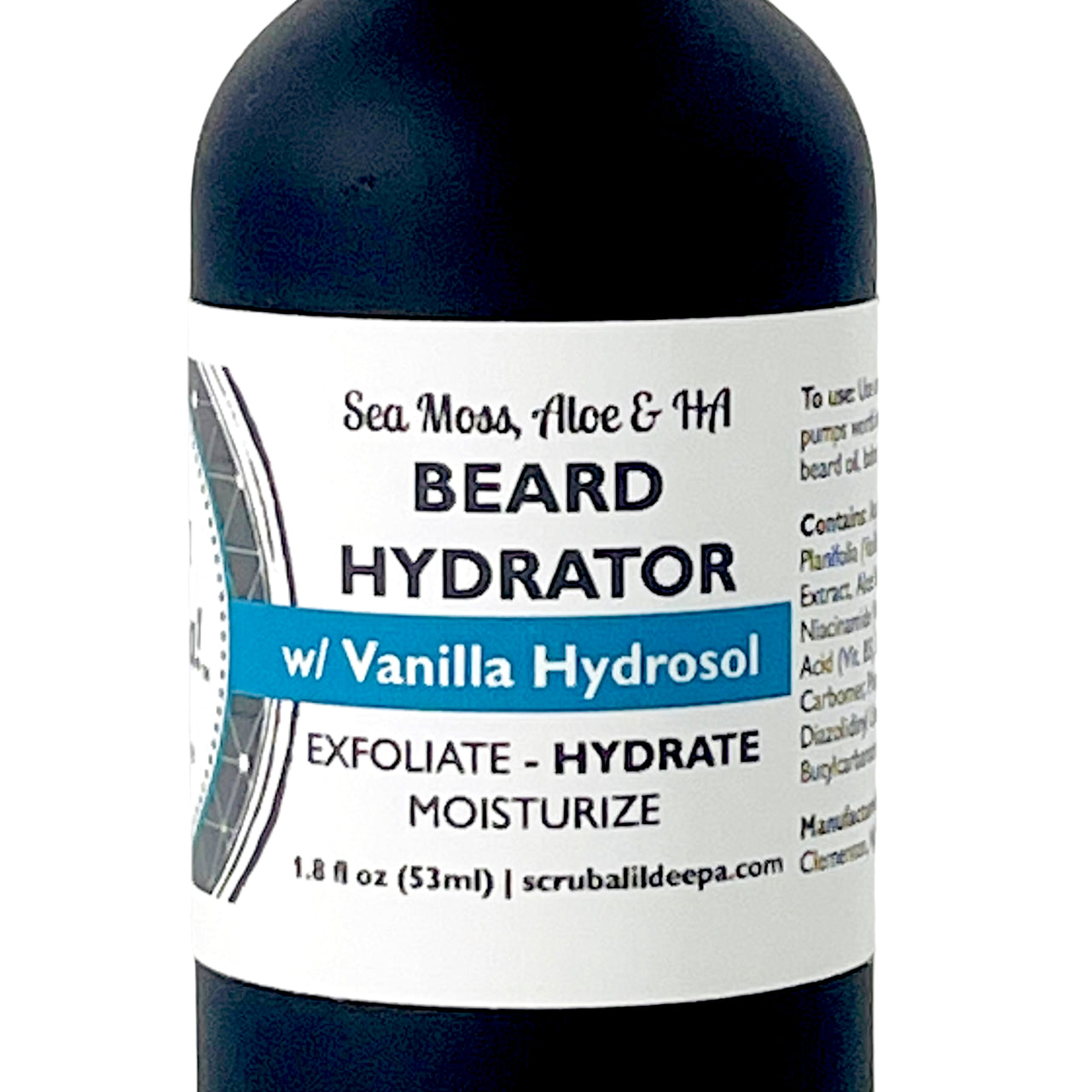 Beard Hydrator - Sea Moss, Aloe & Hyaluronic Acid w/ Vanilla Hydrosol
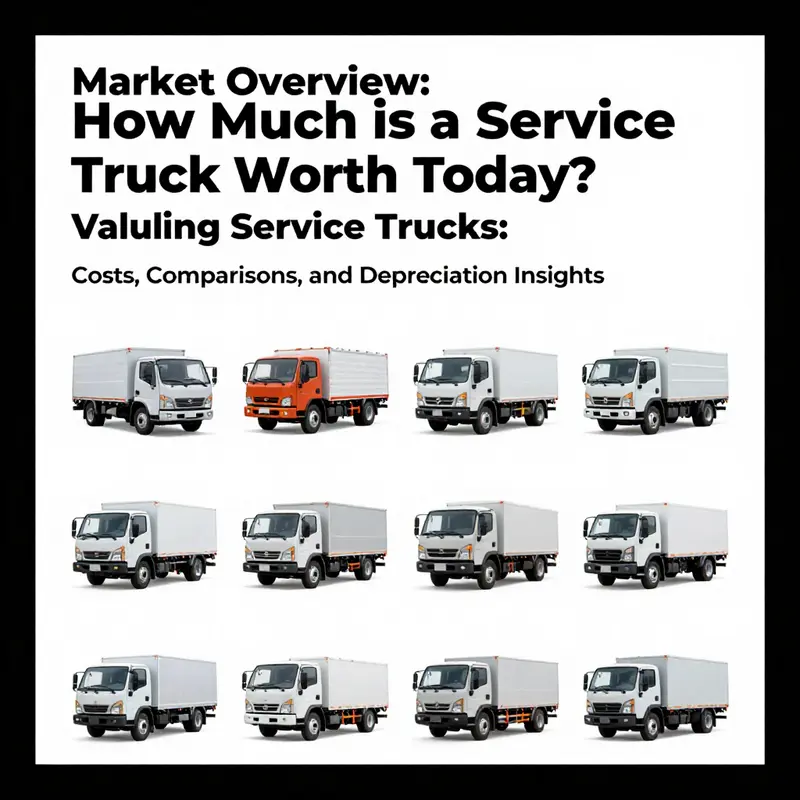 Technician evaluating a service truck for its worth at a workshop.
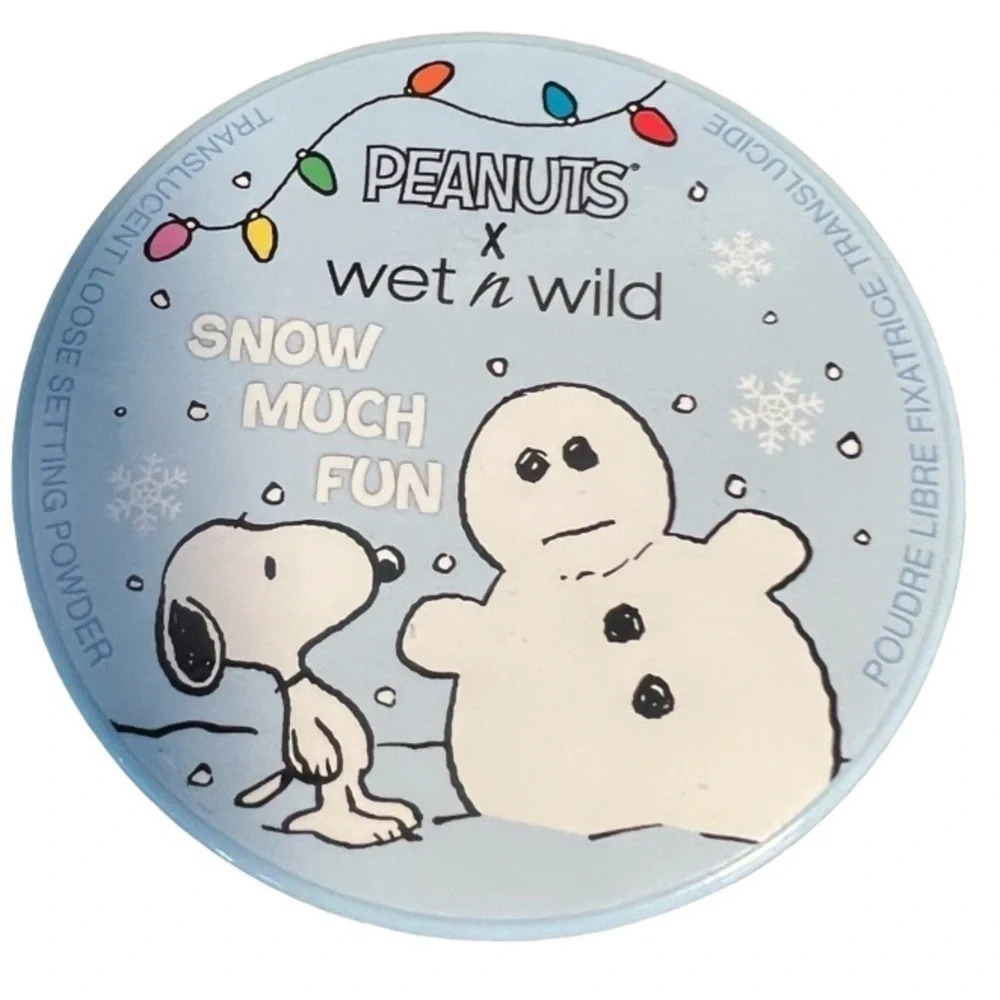 WET N WILD Ltd Edition Peanuts Snow Much Fun Loose Setting Powder NEW NIP NWT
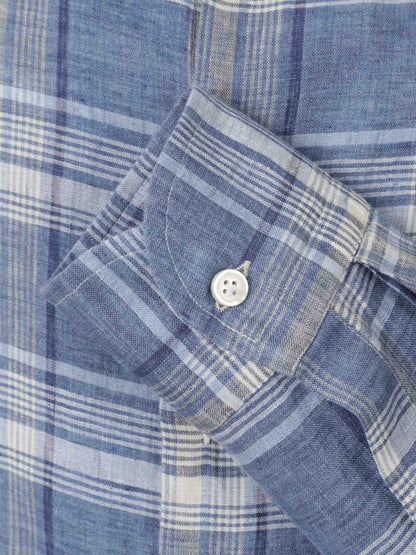 Santa Eulalia Hombre Barcelona Camisa Motivo Cuadros color Azul sku 531-006429 01 - Foto 4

_Directions for this task:_ The finished copy should match the data above word for word and contain no pictures.

_Worked solution:_
 Beard Hydrator - Sea Moss, Aloe & Hyaluronic Acid w/ Vanilla Hydrosol
 Technician evaluating a service truck for its worth at a workshop.
 WET N WILD Ltd Edition Peanuts Snow Much Fun Loose Setting Powder NEW NIP NWT
 Santa Eulalia Hombre Barcelona Camisa Motivo Cuadros color Azul sku 531-006429 01 - Foto 4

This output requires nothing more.